WHAT THE EXERCISE ASKS: The line containing "Brautspitze Borte Weiß/" marks the end; write out exactly every line from the start of the data up to and including it, without the pictures.

(Caption-style text data)
*** Block opens ***

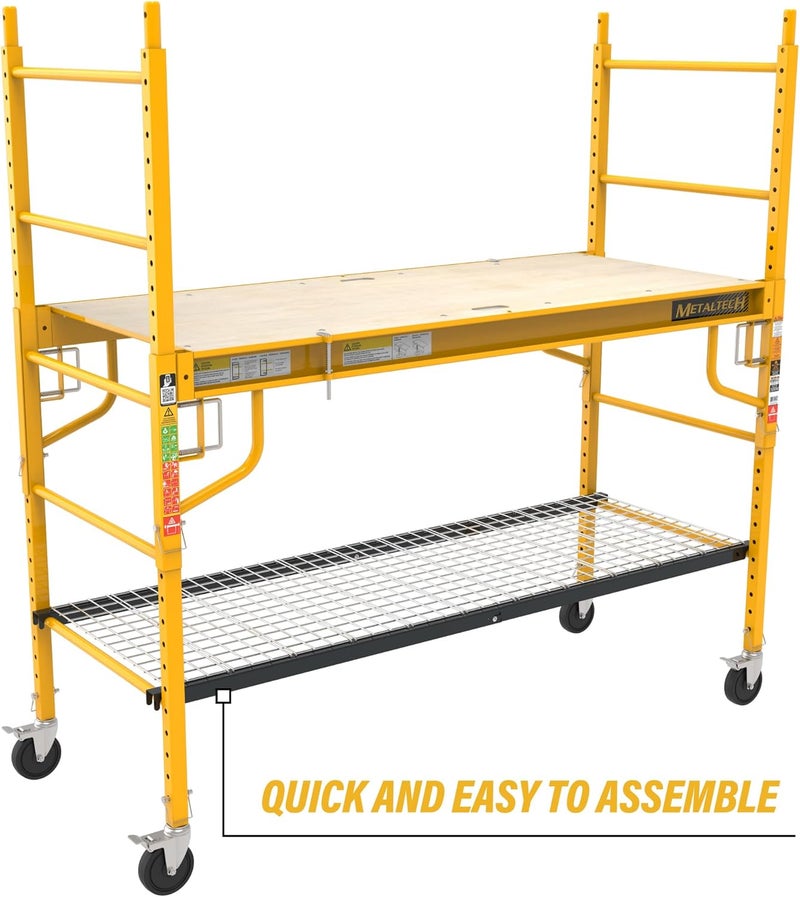 Metaltech Storage Shelf for Interior Scaffolding, Heavy Duty 200 lb Capacity, Metal Shelves for Storage, Shelf Organizers, Scaffolding Accessories, Storage Racks and Shelving - Image 3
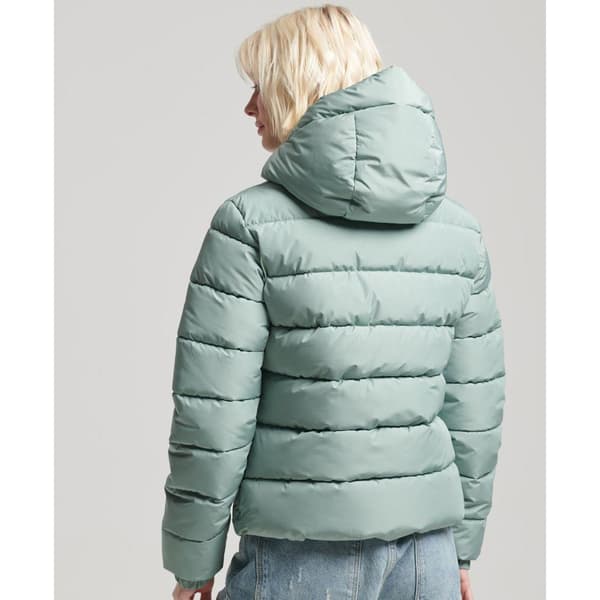 Superdry Pufferjacka Spirit Sports Grönt S Kvinna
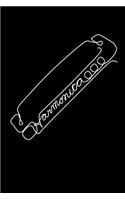 Harmonica: Graph Paper Notebook (6"x 9" inch size = nearly DIN A5 - 120 Pages) - perfect as music book or song writing book, suitable gift for Harmonica musici
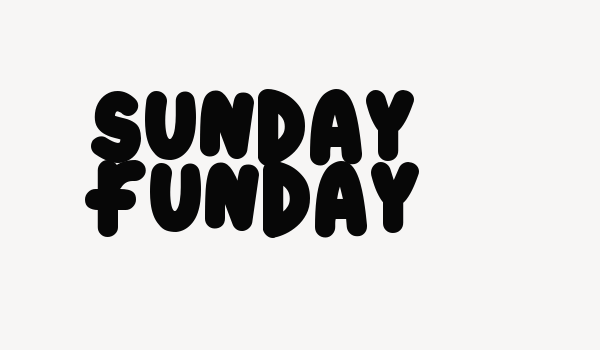 sunday funday Font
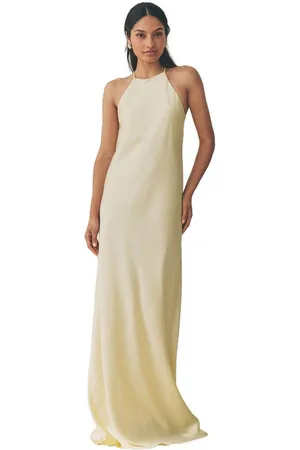 Next Satinkleid Hoch geschlossenes Maxikleid aus Satin (1-tlg) - Verkäufer: Germany GmbH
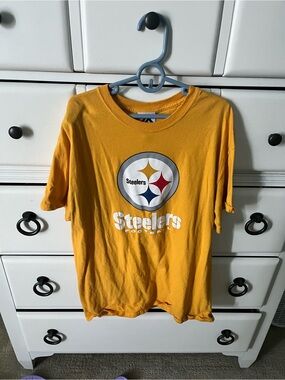 Majestic Gold Pittsburgh Logo Tee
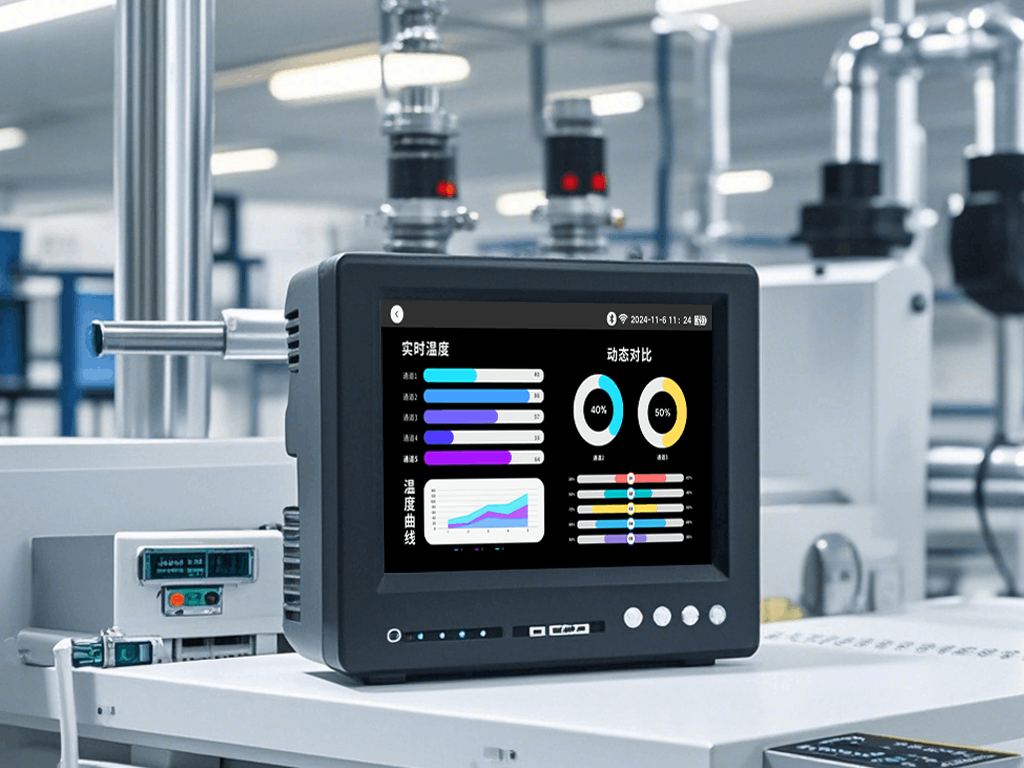 启明智显4.3寸触摸串口屏SC07，助力工业数据记录仪智能升级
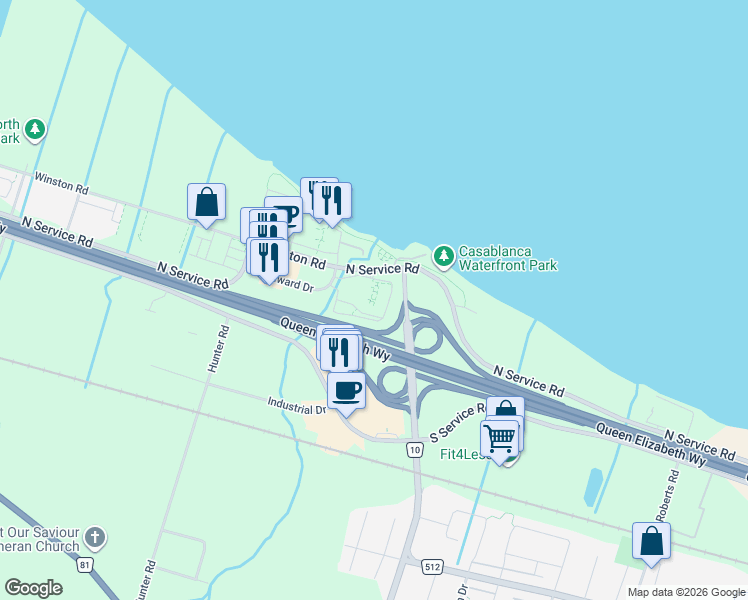 map of restaurants, bars, coffee shops, grocery stores, and more near in Grimsby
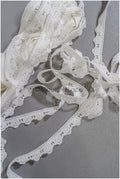 Brautspitze Borte Weiß/ Spitzenborte off-white / Braut Borte/ Spitzenborte für Brautkleid// T24-157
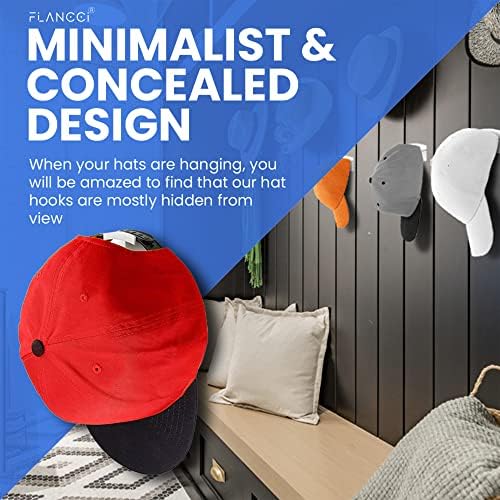 Zidne kuke za šešire, minimalistički dizajn vješalica za šešire, samoljepljiva vješalica za šešire, izdržljiva vješalica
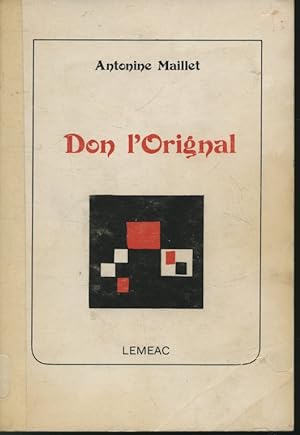 Bild des Verkufers fr Don l'Orignal zum Verkauf von Librairie Le Nord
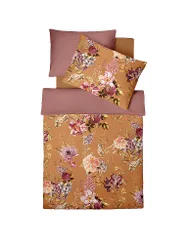 Ropa de cama de satén 70x90cm/140x200cm BED ART Cinamon Spice naranja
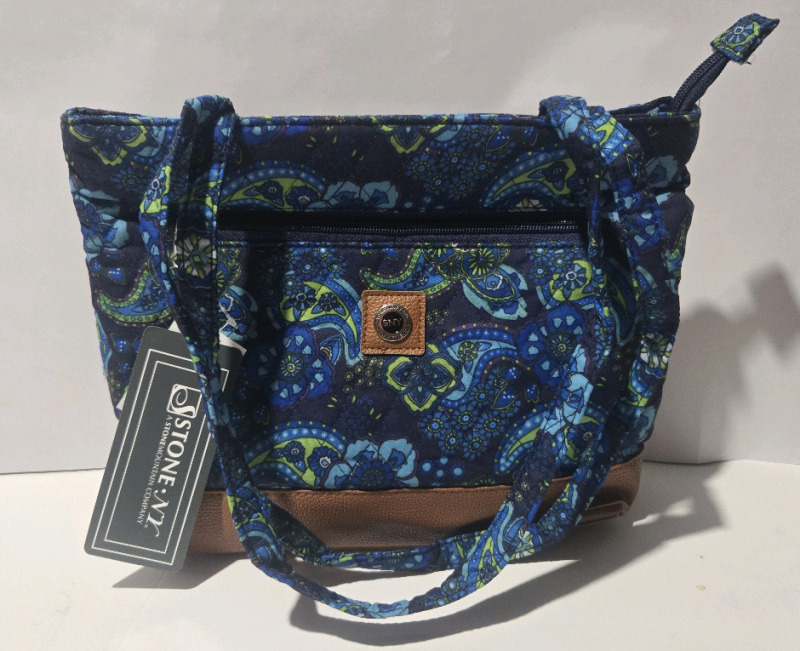 New | SNY Purse Blue | 10" x 4" x 8"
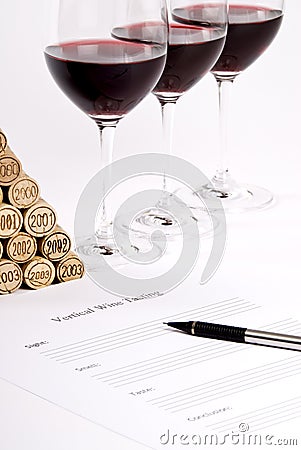 Vertical Red Wine Tasting Stock Photo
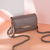 cheap Crossbody Bags-Women&#039;s Black Crossbody Wallet Bag with Gold Accents and Adjustable Strap - Compact and Stylish Shoulder Bag for Everyday Use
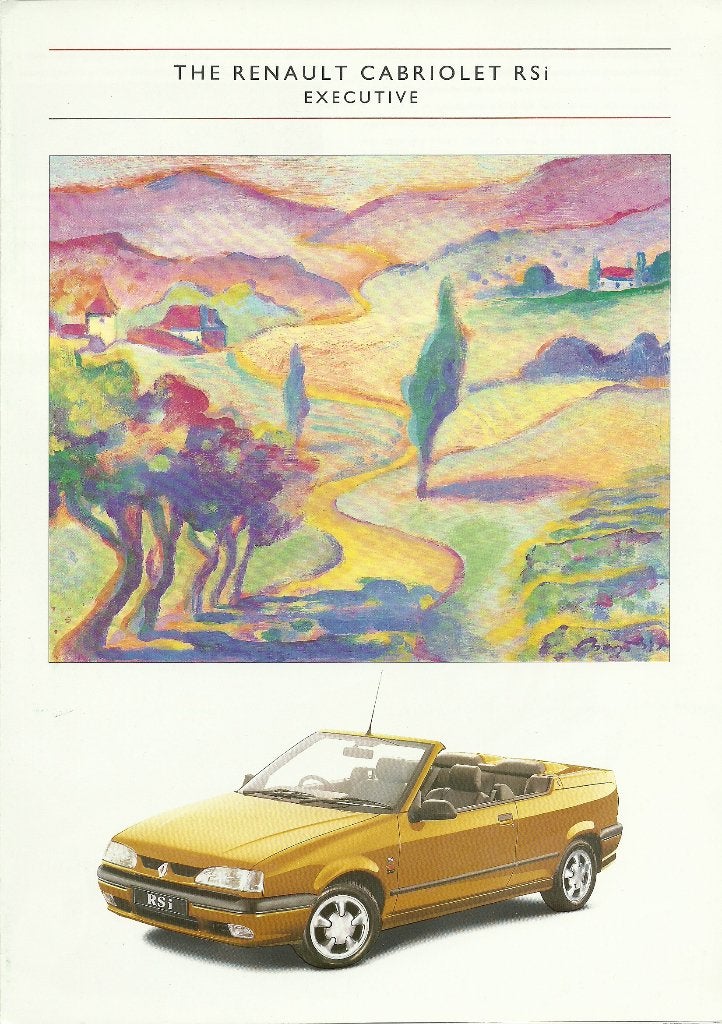 Renault 5 cabrioler folder, Ophalen of Verzenden, Gelezen, Renault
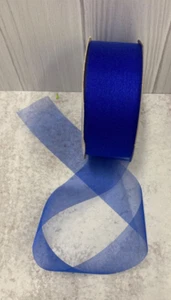 1 rollo Wondershop azul brillante cinta transparente 1,5" x 45' envoltura de regalo arcos coronas - Imagen 1 de 2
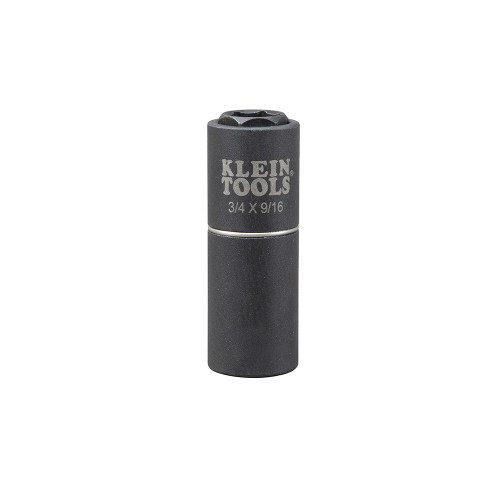 Klein 2-in-1 Impact Socket, 6-Point, 3/4" and  9/16"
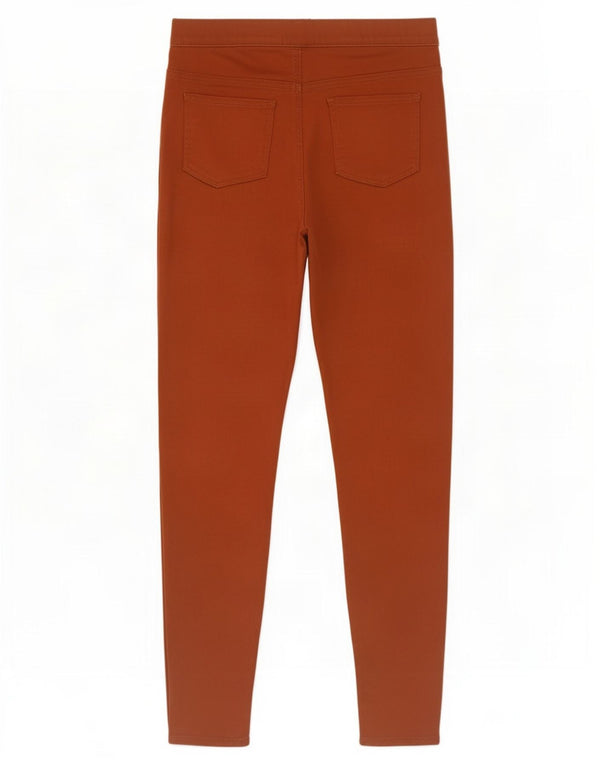 Marks & Spencer ženske jegging traperice UK 14 velike W30 L30 smeđi pamuk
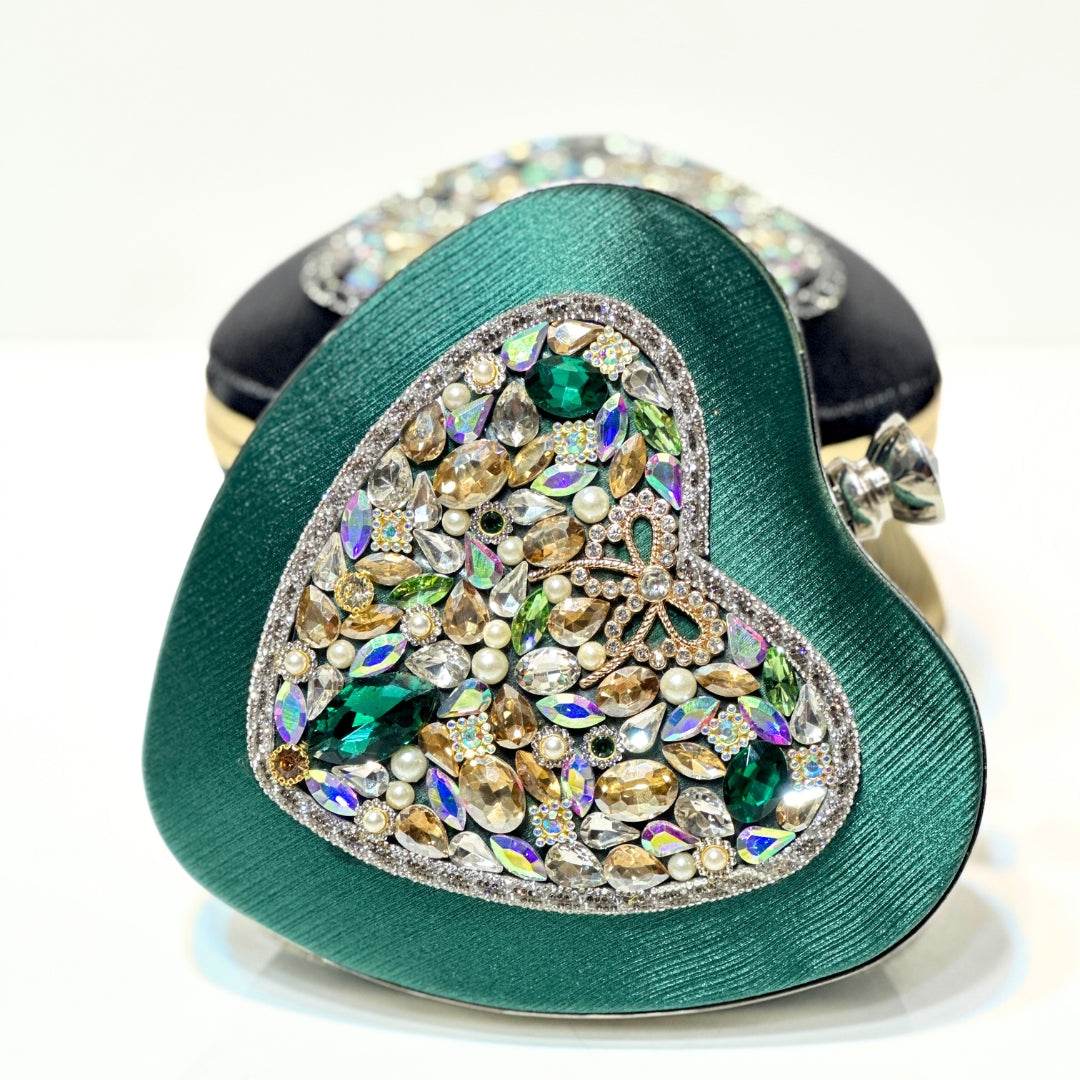 Heartfelt Gemstone Clutch - Bagsero
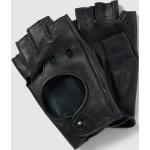 Schwarze Roeckl Fingerlose Handschuhe & Halbfinger-Handschuhe mit Cutwork aus Leder für Damen Größe 7 für den für den Winter 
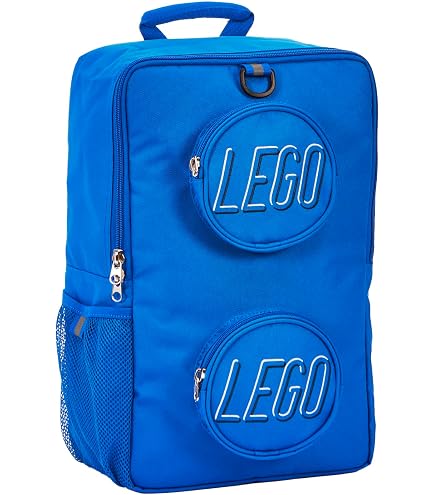 LEGO Kids Brick Mini Backpack Accessory Pouch with Novelty Backstraps, Snaps to Belt or Full-Size Backpack, Holds Small Items like Keys & Headphones, Black : Toys & Games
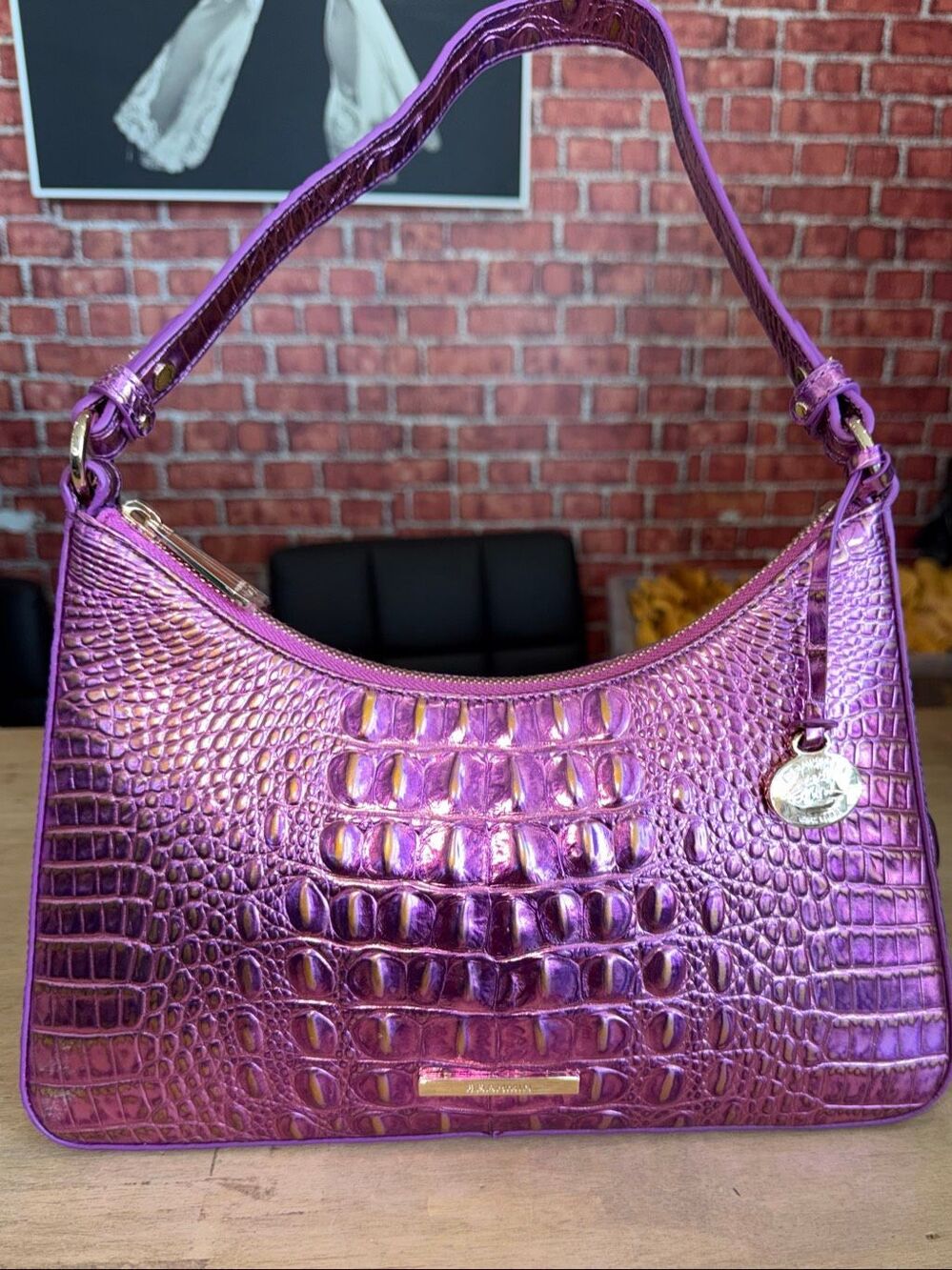 NWT Brahmin Esme Opera Melbourne FL Genuine Leather Pink Shoulder Bag & Wallet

*** Block closes ***

RESULT BELOW:
 Metaltech Storage Shelf for Interior Scaffolding, Heavy Duty 200 lb Capacity, Metal Shelves for Storage, Shelf Organizers, Scaffolding Accessories, Storage Racks and Shelving - Image 3
 Superdry Pufferjacka Spirit Sports Grönt S Kvinna
 Harmonica: Graph Paper Notebook (6"x 9" inch size = nearly DIN A5 - 120 Pages) - perfect as music book or song writing book, suitable gift for Harmonica musici
 sunday funday Font
 Next Satinkleid Hoch geschlossenes Maxikleid aus Satin (1-tlg) - Verkäufer: Germany GmbH
 Majestic Gold Pittsburgh Logo Tee
 启明智显4.3寸触摸串口屏SC07，助力工业数据记录仪智能升级
 map of restaurants, bars, coffee shops, grocery stores, and more near in Grimsby
 Brautspitze Borte Weiß/ Spitzenborte off-white / Braut Borte/ Spitzenborte für Brautkleid// T24-157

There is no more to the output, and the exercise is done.